Dear Finn,
Håvard & INLA users,
1. How do you handle offsets in LGCP models applied to: areal outcomes & continuous/smooth covariates ?
I currently have as my offset: the total population raster at 1km^2 grid, and using it within the LGCP model as shown in code below.
I am not sure if i should modify the integration weights in any way or modify the offset: total population before using it in the LGCP.

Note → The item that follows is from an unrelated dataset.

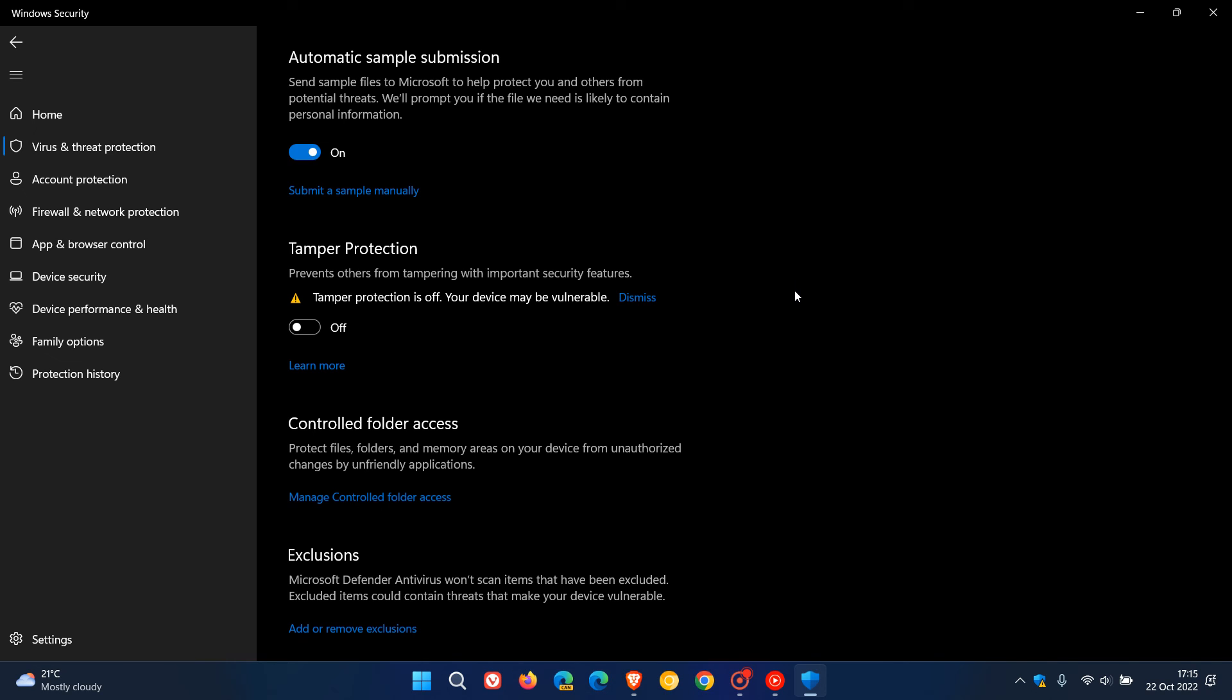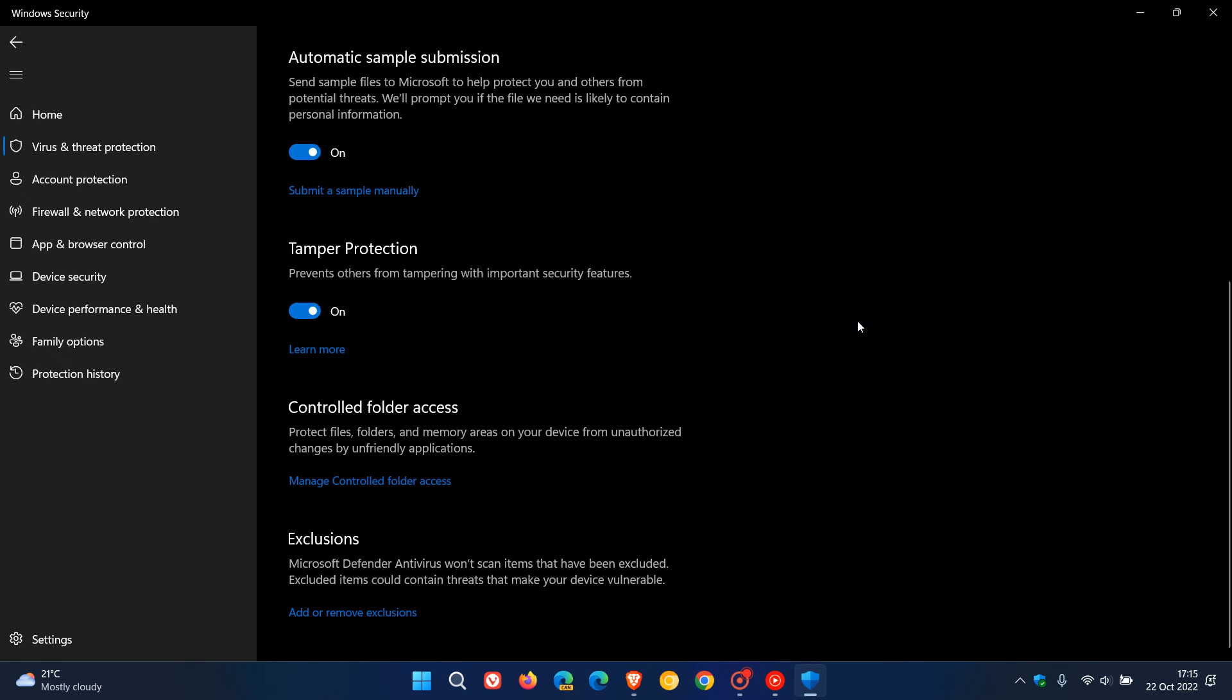Once you're done, to enable Tamper Protection again, just come back, follow the same steps, and turn it on. Once again, it prevents others from tampering with important security features when you have toggled it back on.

Any insights on best practices in this case will be appreciated (also mention the case when we would want offsets at areal level, covariates being pixel level)
# --- Build mesh
mesh <- fm_mesh_2d_inla(
boundary = bnd, # the boundary
max.edge = c(.01, .5),
cutoff = (1/5)*.01,
crs = fm_crs("EPSG:4326")
)
plot(mesh)
# --- the area is so small, so we use these realistic
matern <- inla.spde2.pcmatern(
mesh,
prior.range = c(0.05, 0.5), # P(range < 5.5 km) = 0.5
prior.sigma = c(1, 0.01) # P(σ > 1) = 0.01
)
# --- Define the intermediate zone integration scheme
ips <- fm_int(mesh, samplers = outcome)
agg <- bru_mapper_logsumexp(rescale = FALSE, n_block = nrow(outcome))
dim(ips)
# --- Extract raster covariates at integration points
# Convert integration points to SpatVector for terra::extract
ips_sv <- vect(st_as_sf(ips))
# Extract all raster layers - there are indeed no missing values
cov_vals <- terra::extract(covariates_stack, ips_sv, ID = FALSE, touches = TRUE, small = TRUE)
summary(cov_vals)
# --- Attach covariate columns to ips
ips <- cbind(ips, cov_vals)
# --- Scale continuous covariates
for (v in c("covariate_1", "covariate_2", "covariate_3")) {
if (v %in% names(ips)) {
ips[[v]] <- scale(ips[[v]])
}
}
# --- Define model components and formula
cmp <- ~
Intercept(1) +
myoffset(log(total_population), model = "offset") +
b_1(covariate_1, model = "linear") +
b_2(covariate_2, model = "linear") +
b_3(covariate_3, model = "linear") +
xi(main = geometry, model = matern)
fml <- incidence ~ ibm_eval(
agg,
input = list(weights = weight, block = .block),
state = Intercept + b_1 + b_2 + b_3 + myoffset + xi
)
# --- Construct the likelihood
lik <- bru_obs(
formula = fml,
family = "poisson",
data = ips,
response_data = outcome,
allow_combine=TRUE
)
# --- Fit the model
fit <- bru(
components = cmp,
lik,
options = list(
control.compute = list(dic = TRUE, waic = TRUE, cpo = TRUE),
verbose = FALSE,
bru_initial = list(Intercept = -7,
b_1 = -1,
b_2 = 1.0,
b_3 = .1),
safe = TRUE,
bru_verbose = 2,
bru_max_iter = 20,
control.inla = list(int.strategy = "eb", strategy = "laplace")
)
)
fit
# very init fit: fit.init = fit0
fit0 <- fit
fit <- bru_rerun(fit0)
# saveRDS(fit, 'model/fit.rds')
# --- Areal level predictions:
# areal unit predictions using logsumexp mapper
fml_latent <- ~ ibm_eval(
agg,
input = list(weights = weight, block = .block),
state = (Intercept + b_1 + b_2 + b_3 + xi),
log = T
)
areal_pred <- predict(
fit,
newdata = ips,
formula = fml_latent,
n.samples = 1e3,
num.threads = 7
)
areal_pred <- bind_cols(outcome_data, areal_pred)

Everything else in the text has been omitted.